Abstract

Randomized clinical trials (RCTs) are generally considered the gold standard in medical research; by randomizing participants to treatment and control arms, they maximize internal validity and reduce between-group biases. RCTs, however, do not routinely examine variation by environmental and social exposures (e.g., socioeconomic status), which may impact clinical outcomes, treatment response, and study generalizability. To assess whether variation in socioeconomic positon (SEP) and environmental exposures modify treatment response, we have developed and applied Geographic Information Systems (GIS)-based methods to examine three RCTs performed by the NIH AsthmaNet network, which recruited and implemented RCTs using the same protocols across 17 U.S. cities.
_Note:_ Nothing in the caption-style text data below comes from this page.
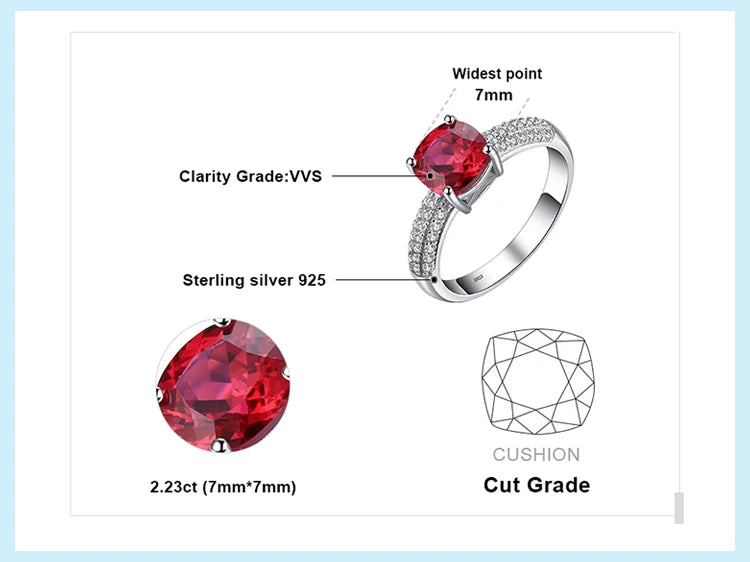 JewelryPalace Green Simulated Nano Emerald Created Ruby Ring 925 Sterling Silver Gemstone Solitaire Engagement Rings for Women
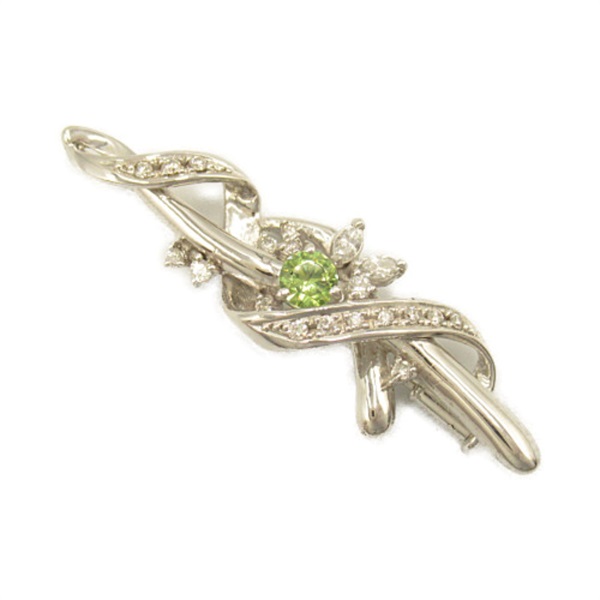 JEWELRY Demantoid Garnet Diamond Brooch K18 WG White Gold Clear Green Used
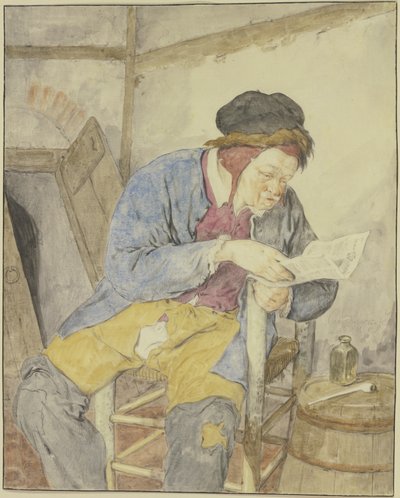 Zeitungsleser bei einem Fass von Cornelis Dusart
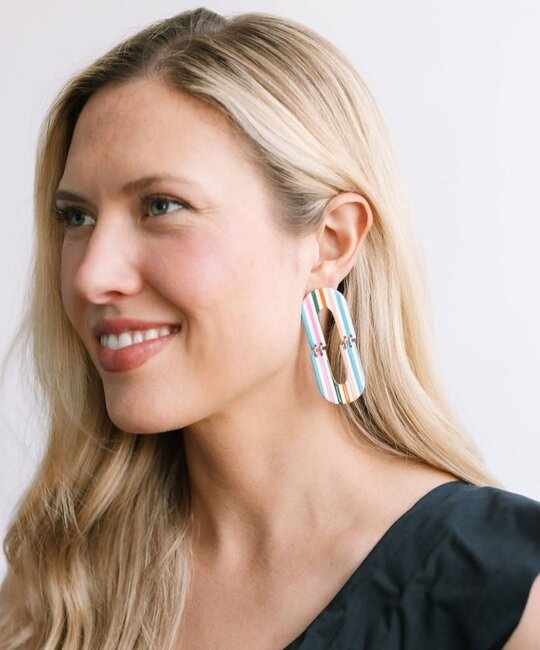 Sunshine Tienda - ST ST JEEA - Colorful Stripe Rancher Oval Earrings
In preliminary analyses, we have found that: (1) compared to race-specific U.S. averages, AsthmaNet participants disproportionately live in impoverished census tracts. (2) At baseline, traffic density and SEP predicted variation in lung function, in the hypothesized directions. (3) In one longitudinal trial, we found that near-residence roadway density explained greater variation in asthma symptoms than did corticosteroid use, and that children in higher-poverty areas had significantly shorter times to first corticosteroid use. For this trial, we examined effect modification by near-residence roadway traffic and noise exposures, neighborhood violence, and health care access. Preliminary results suggest - only among higher-SES children - significantly greater negative impacts (shorter times to prednisone use) among participants receiving higher inhaled corticosteroid (ICS) doses (220 ug), relative to those receiving lower ICS doses (44 ug).Results suggest that participants in clinical trials may not be representative of U.S. asthmatics, and participants from different SES backgrounds may differentially respond to intensive corticosteroid interventions. Using spatial analysis and GIS to understand the neighborhoods of RCT participants – better accounting for socioeconomic and environmental conditions – may improve the interpretability and applicability of RCT results, by more clearly identifying subpopulations for whom a given intervention may be most effective.